Originally Posted By: Chris142
Originally Posted By: bdcardinal
Originally Posted By: Merkava_4
So is the water pump behind the timing chain cover ?


The water pump bolts to the timing cover like on a Windsor motor. Some of the bolts connect the pump to the cover and some go through both into the block.

So at 5.6 hours the labor alone would have been $784 at my work plus the parts.
people here tell me to go go a warm place over our $90/hr.


We have to pay all of our techs a minimum of $21/hr and 8 hours a day regardless of what they flag due to the clarification of the labor law recently. Since they have to supply their own tools they have to make a minimum of double the minimum wage and must be paid as long as they are clocked in.
 
+1

Hylomar is my go-to gasket surface prep for iffy situations. AFAIK it's the same as old school RR Gasket sealer that was always the deal in the old days. I use spray-on Hylomar most of the time when needed ...
 
Originally Posted By: bdcardinal
Originally Posted By: Chris142
Originally Posted By: bdcardinal
Originally Posted By: Merkava_4
So is the water pump behind the timing chain cover ?


The water pump bolts to the timing cover like on a Windsor motor. Some of the bolts connect the pump to the cover and some go through both into the block.

So at 5.6 hours the labor alone would have been $784 at my work plus the parts.
people here tell me to go go a warm place over our $90/hr.


We have to pay all of our techs a minimum of $21/hr and 8 hours a day regardless of what they flag due to the clarification of the labor law recently.
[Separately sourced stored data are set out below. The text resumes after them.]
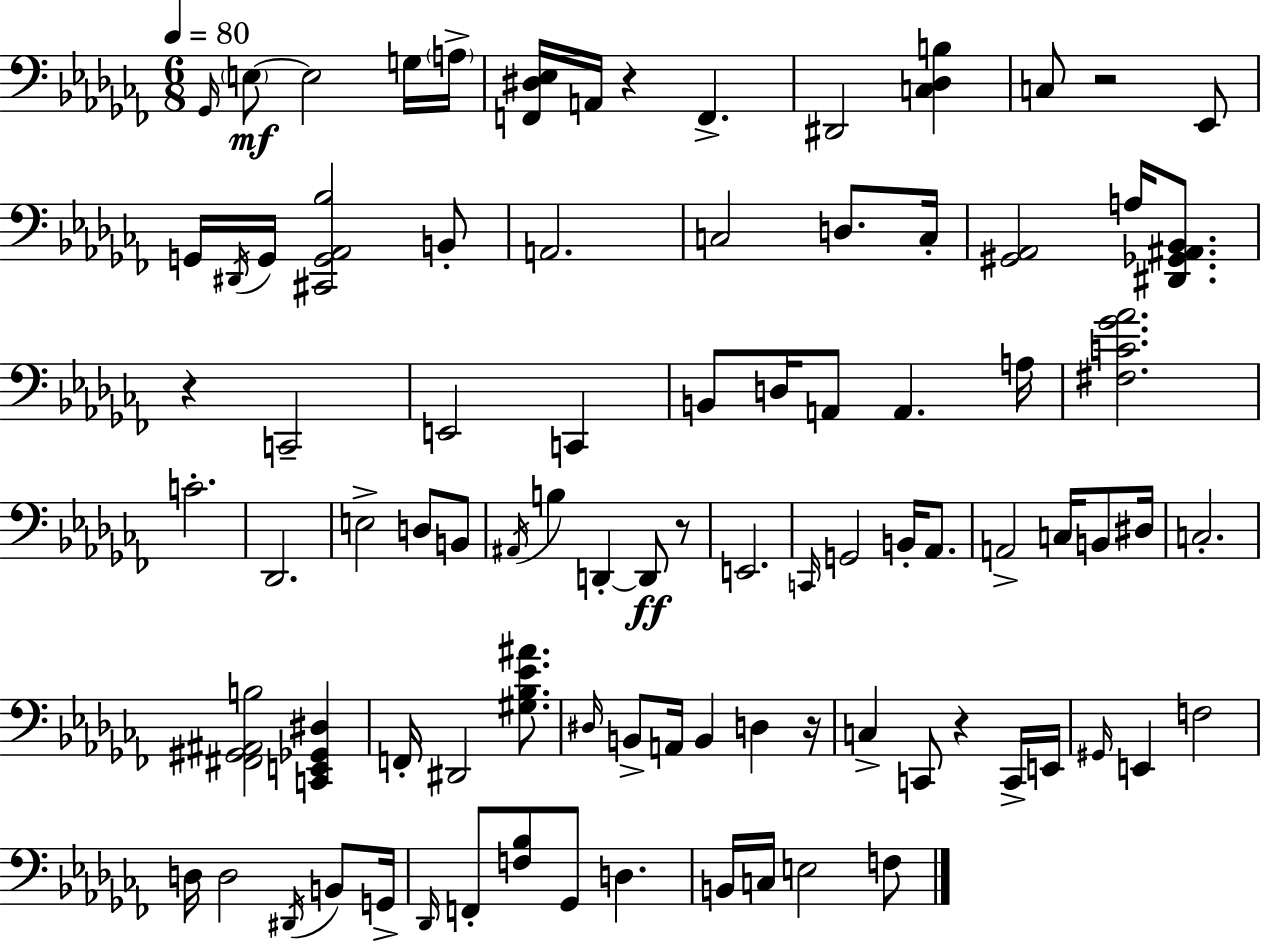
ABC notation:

X:1
T:Untitled
M:6/8
L:1/4
K:Abm
_G,,/4 E,/2 E,2 G,/4 A,/4 [F,,^D,_E,]/4 A,,/4 z F,, ^D,,2 [C,_D,B,] C,/2 z2 _E,,/2 G,,/4 ^D,,/4 G,,/4 [^C,,G,,_A,,_B,]2 B,,/2 A,,2 C,2 D,/2 C,/4 [^G,,_A,,]2 A,/4 [^D,,_G,,^A,,_B,,]/2 z C,,2 E,,2 C,, B,,/2 D,/4 A,,/2 A,, A,/4 [^F,C_G_A]2 C2 _D,,2 E,2 D,/2 B,,/2 ^A,,/4 B, D,, D,,/2 z/2 E,,2 C,,/4 G,,2 B,,/4 _A,,/2 A,,2 C,/4 B,,/2 ^D,/4 C,2 [^F,,^G,,^A,,B,]2 [C,,E,,_G,,^D,] F,,/4 ^D,,2 [^G,_B,_E^A]/2 ^D,/4 B,,/2 A,,/4 B,, D, z/4 C, C,,/2 z C,,/4 E,,/4 ^G,,/4 E,, F,2 D,/4 D,2 ^D,,/4 B,,/2 G,,/4 _D,,/4 F,,/2 [F,_B,]/2 _G,,/2 D, B,,/4 C,/4 E,2 F,/2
Since they have to supply their own tools they have to make a minimum of double the minimum wage and must be paid as long as they are clocked in.


People either forget or don't understand the cost of running a service dept. That's $21/hr + workman's comp, SS, and medical. The electric bill for a service dept boggles the mind to speak nothing of the taxes, insurance, equipment, building maintenance, etc.
It doesn't take much of a work slowdown to drive it into the red in short order. A winter storm that dramatically slows it down for 2 days can really hit hard.
Parts departments as I remember them always ran as a separate entity within the service department is that true today?
 
Originally Posted By: Trav
Parts departments as I remember them always ran as a separate entity within the service department is that true today?


Pretty much. We are not a part of the service department, but fall under the "fixed ops" side of the business. We actually are the most profitable department in all 7 of our owner's stores. We don't do the parts profit transfer to service like a lot of dealers do.
 
Originally Posted By: Trav
Do you markup the service and used car dept?


Parts billed on ROs do not get a discount unless it is a fleet account or customer service issue and internally sold parts are at cost +40%.